- Work to complete: Your answer should be the exact lines of the data below from the one containing "JA4AT3AA6LZ601170 2020 MITSUBISHI" through the one containing "Hand duwen virtueel"; please include nothing else.
[Data in this exercise]
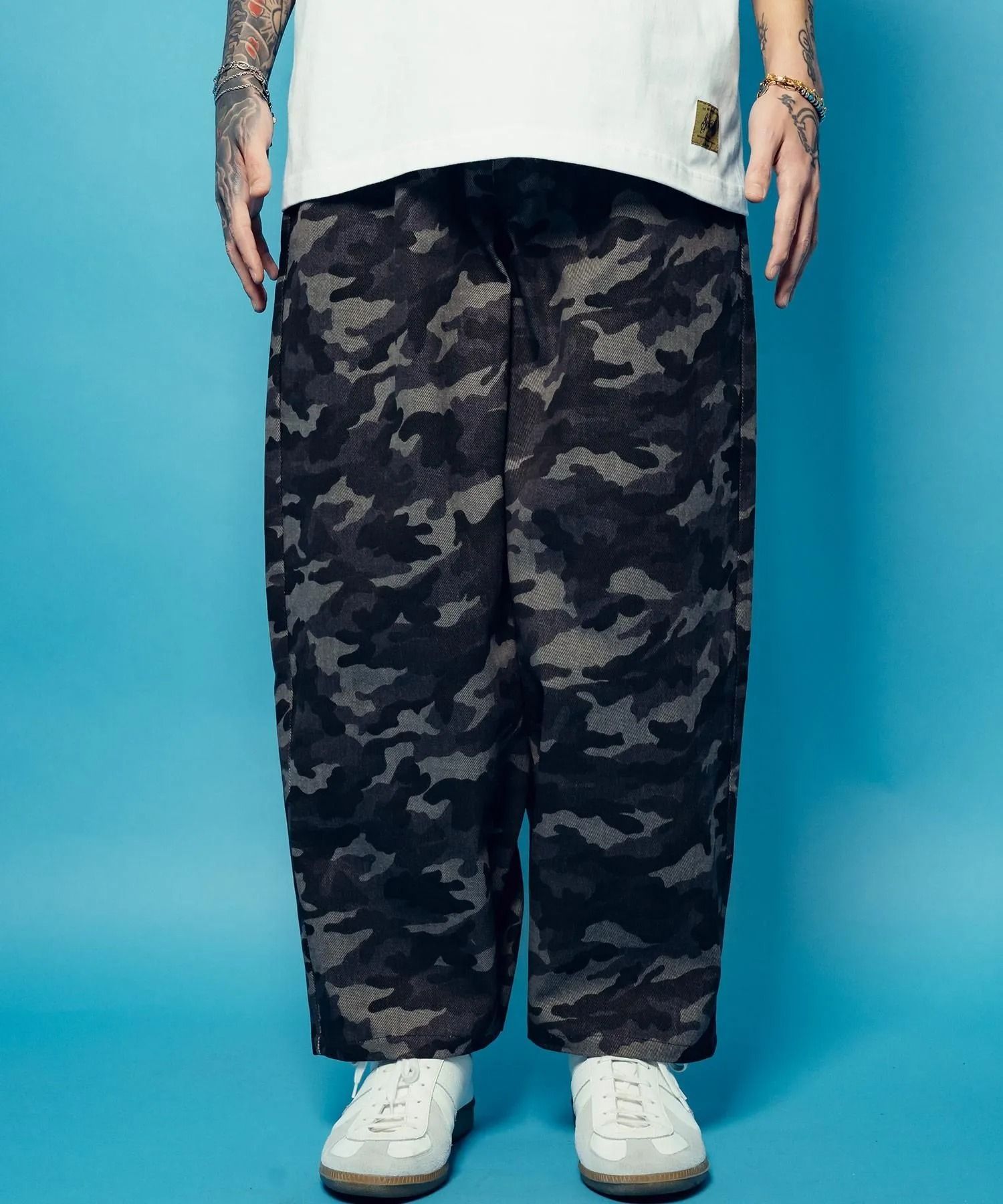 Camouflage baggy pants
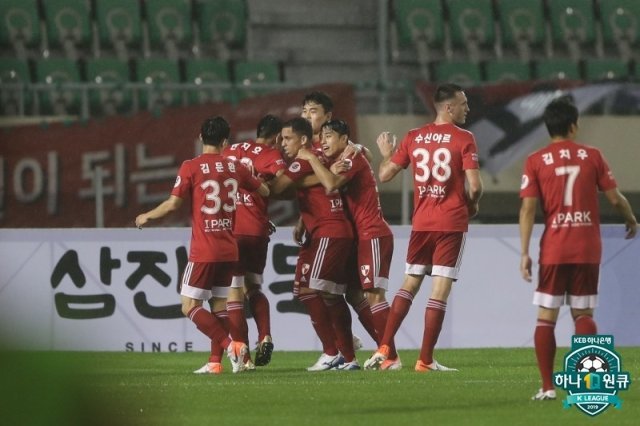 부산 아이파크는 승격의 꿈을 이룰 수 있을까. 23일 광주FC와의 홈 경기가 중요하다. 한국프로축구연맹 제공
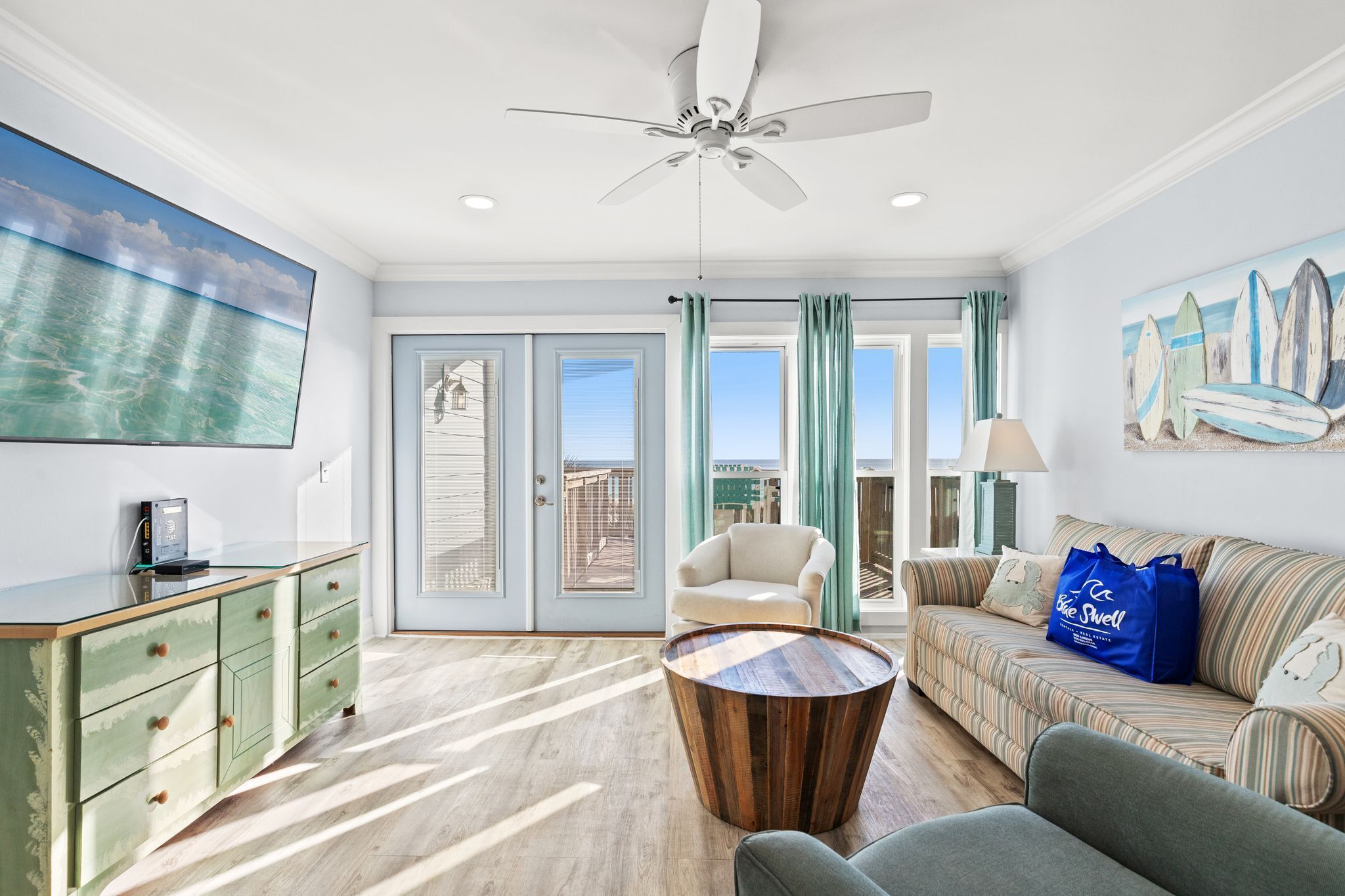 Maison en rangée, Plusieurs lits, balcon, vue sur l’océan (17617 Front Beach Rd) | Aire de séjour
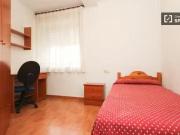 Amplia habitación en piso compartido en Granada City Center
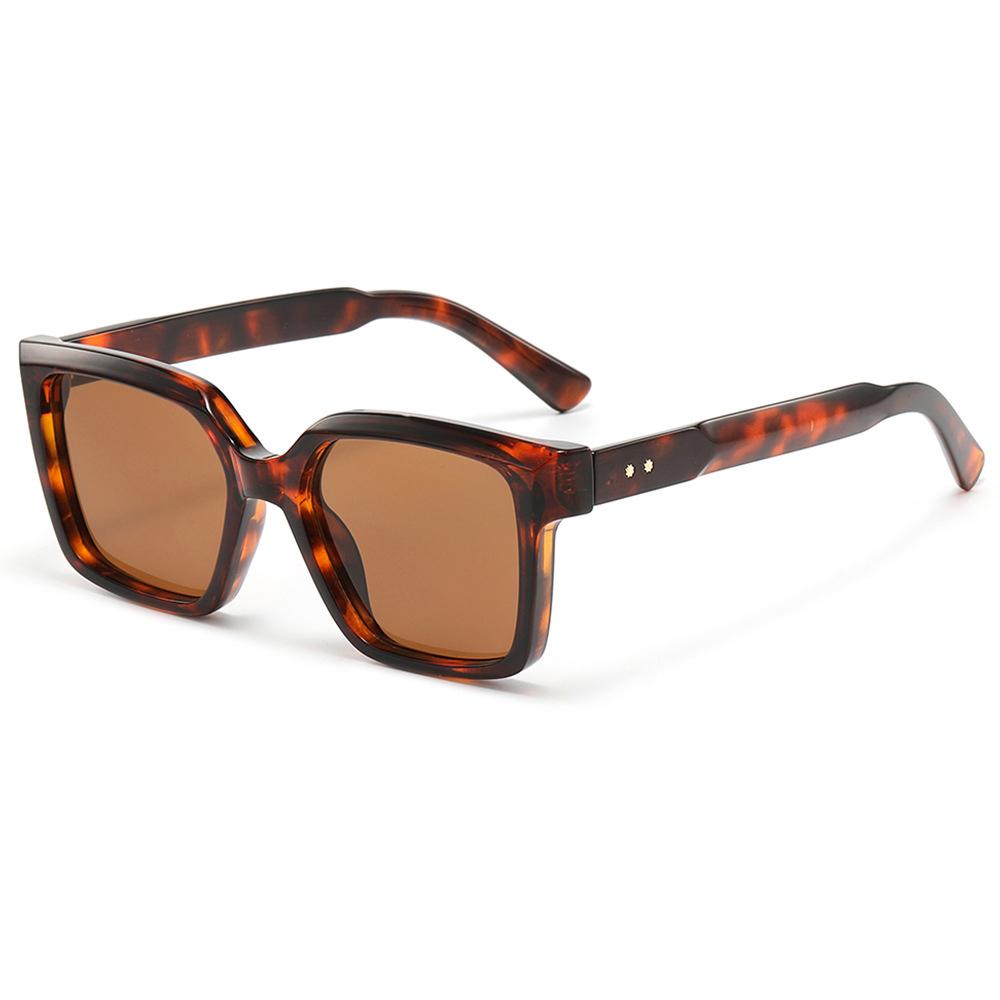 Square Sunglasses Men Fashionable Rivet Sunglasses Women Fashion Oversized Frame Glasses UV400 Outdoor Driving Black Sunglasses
[/Data in this exercise]
[Data in this exercise]
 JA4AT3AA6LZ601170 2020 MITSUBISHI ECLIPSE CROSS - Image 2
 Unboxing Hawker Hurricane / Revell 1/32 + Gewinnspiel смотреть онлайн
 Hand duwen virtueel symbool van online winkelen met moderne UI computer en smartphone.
[/Data in this exercise]
- Solved problem:
 JA4AT3AA6LZ601170 2020 MITSUBISHI ECLIPSE CROSS - Image 2
 Unboxing Hawker Hurricane / Revell 1/32 + Gewinnspiel смотреть онлайн
 Hand duwen virtueel symbool van online winkelen met moderne UI computer en smartphone.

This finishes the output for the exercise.